# Bataleon Goliath 161-wide Reviewed.



## BigC_ 13 (Dec 28, 2008)

Finally got my hands on a Bataleon Goliath thanks to our forums own Gnarly selling it to me nice and cheap after he got shipped the wrong size. 

Let the review begin!
Board: Bataleon Goliath
Size: 161 wide
Bindings: '08 Burton Cartels 
Angles: 15 negative 13
Boots: Burton Moto size 15
Weight: 240 lbs
Conditions: A little bit of everything

Day 1:
I took my dads car on Friday for a road trip up to Mt. Washington with some friends and my new Goliath that had arrived the day before. Couldn't have been more excited to get out on the mountain and test out TBT to see if all the hype is true (Spoiler alert: it is). 

The forecast that I checked the night before called for lots of fresh snow, sadly when we got there not a cm of fresh snow was in sight. In fact the runs were all icy as hell, so it was time to see how TBT held up on ice and it did not let me down. The board didn't slip up or slide out at all, it hard great edge hold no matter how icy it got on patches. This board held up to me bombing down runs while my friends were all sketching out about slipping out on the ice and coming down nice and slowly behind me. 

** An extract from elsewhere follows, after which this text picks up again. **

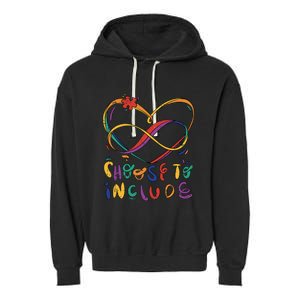 Choose To Include Autism Awareness Teacher Special Education Garment-Dyed Fleece Hoodie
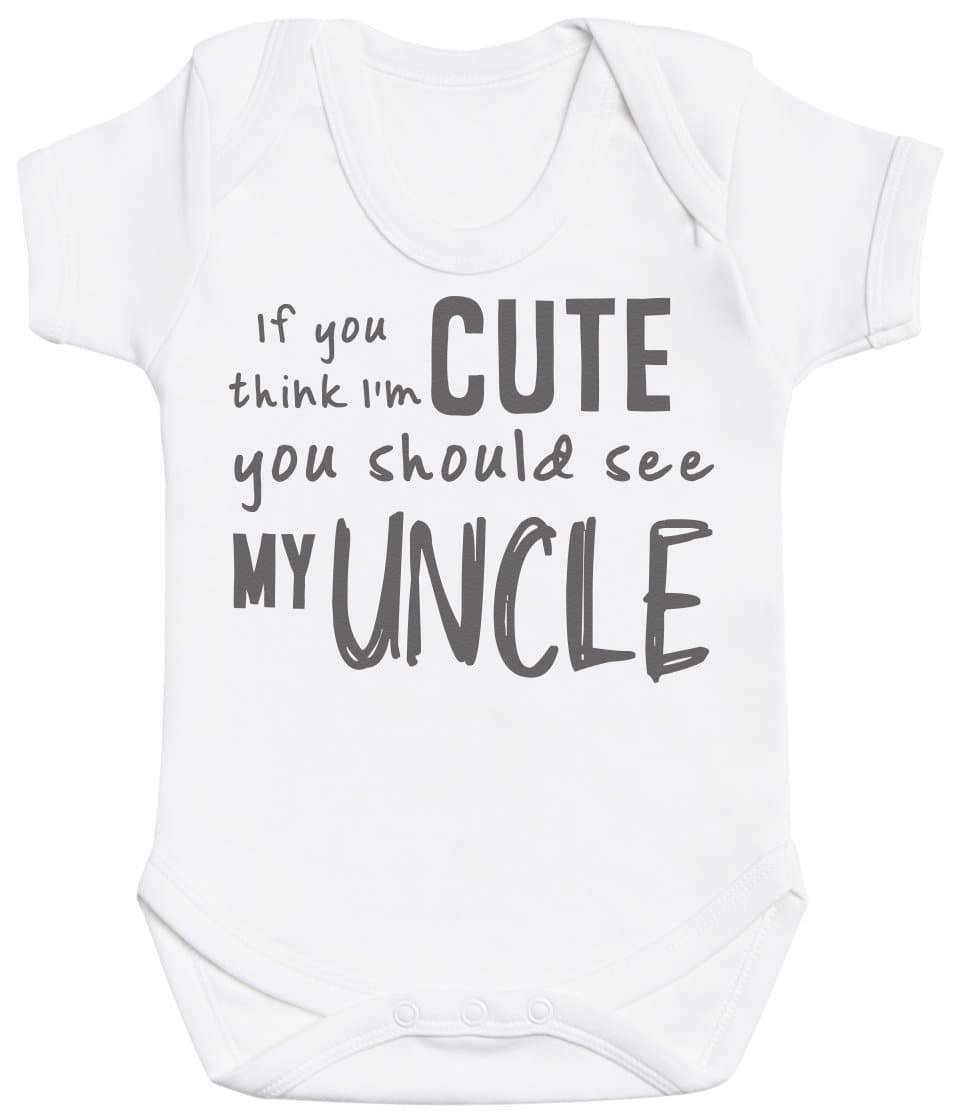 If You Think I'm Cute You Should See My Uncle Baby Bodysuit - The Gift Project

By midday the sun was out and the snow softened up and let me really release the board for some true bombing and this board felt like it had come home. The base being syntruded is not as fast as the sintered base on my revolver but the Goliath feels way more stable at speeds and I was able to push it faster then the Revolver. Carving with TBT is a dream, carves are easy as pie to initiate and the board just rolls from edge to edge effortlessly. 

Didn't hit the park at all on the first day but took it off some small kickers built on the sides of runs and other rollers and drops. The board handled great in the air, I'm not great at tricks but I was pulling off 1's and 3's and landing them clean. TBT works great for jumping and I found that the landings feel way smoother then any other board I've ridden. The board ollies well to, I was popping higher with this board then my other boards by far. 

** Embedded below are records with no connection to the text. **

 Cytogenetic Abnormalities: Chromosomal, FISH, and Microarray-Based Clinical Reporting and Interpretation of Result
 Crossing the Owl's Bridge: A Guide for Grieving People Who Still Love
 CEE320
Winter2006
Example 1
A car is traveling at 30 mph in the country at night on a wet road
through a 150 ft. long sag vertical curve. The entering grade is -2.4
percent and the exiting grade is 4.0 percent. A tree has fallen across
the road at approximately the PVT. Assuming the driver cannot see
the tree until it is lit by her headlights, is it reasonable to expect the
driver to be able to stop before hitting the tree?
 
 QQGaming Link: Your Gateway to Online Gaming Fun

Towards the end of the day the snow turned to melted slush and got sticky as hell which really sucked, and on top of that it started to rain so we called it a day and headed home.

That was it for riding on Friday, came home stoked on life despite the weather for the day being less then desirable.

Day Two:
Took the board back up on Sunday for round two of the goliath's trial. Arrived to 15 cm of fresh snow and I was stoked to take this on some powder and in the trees. 

Once again the board handled like a dream. It took everything I threw at it and was begging for more. Sadly I couldn't give it mroe as the sun came out at 11 and melted all the snow so the rest of the day was stick slush. It got so bad that I could bomb straight down a run and still not have enough speed to make it more then 50 feet then it flattened out at the bottom so there was allot of skating to lifts and towing my friends behind me because everyone was getting stuck.

That's it for the review for now, I'm getting a pair of Burton Triad's on Thursday so I'll be throwing those on and taking this baby into the park on Sunday to see how this handles some real jumps.


----------



## Gnarly (Mar 12, 2008)

I'm glad you liked it. Gotta love the 161W and carving for sure. Did it take you any time to get used to the TBT?


----------



## BigC_ 13 (Dec 28, 2008)

It really only took one or two runs to get used too. It wasn't a massive change in riding style that I expected but instead it was quick and easy to catch on too.


----------



## conwayeast (Nov 6, 2008)

I have been able to take mine out about 10 times so far. I love this thing. I have been beating the bag out of it and it just wants more. You have to wax it often tho esp in these spring conditions.


----------



## BigC_ 13 (Dec 28, 2008)

conwayeast said:


> I have been able to take mine out about 10 times so far. I love this thing. I have been beating the bag out of it and it just wants more. You have to wax it often tho esp in these spring conditions.


I've noticed that too, after a day of riding all the wax is gone from the edges. I figured it would get better after a couple waxes though as most boards take a couple waxes for it to really sink in.


----------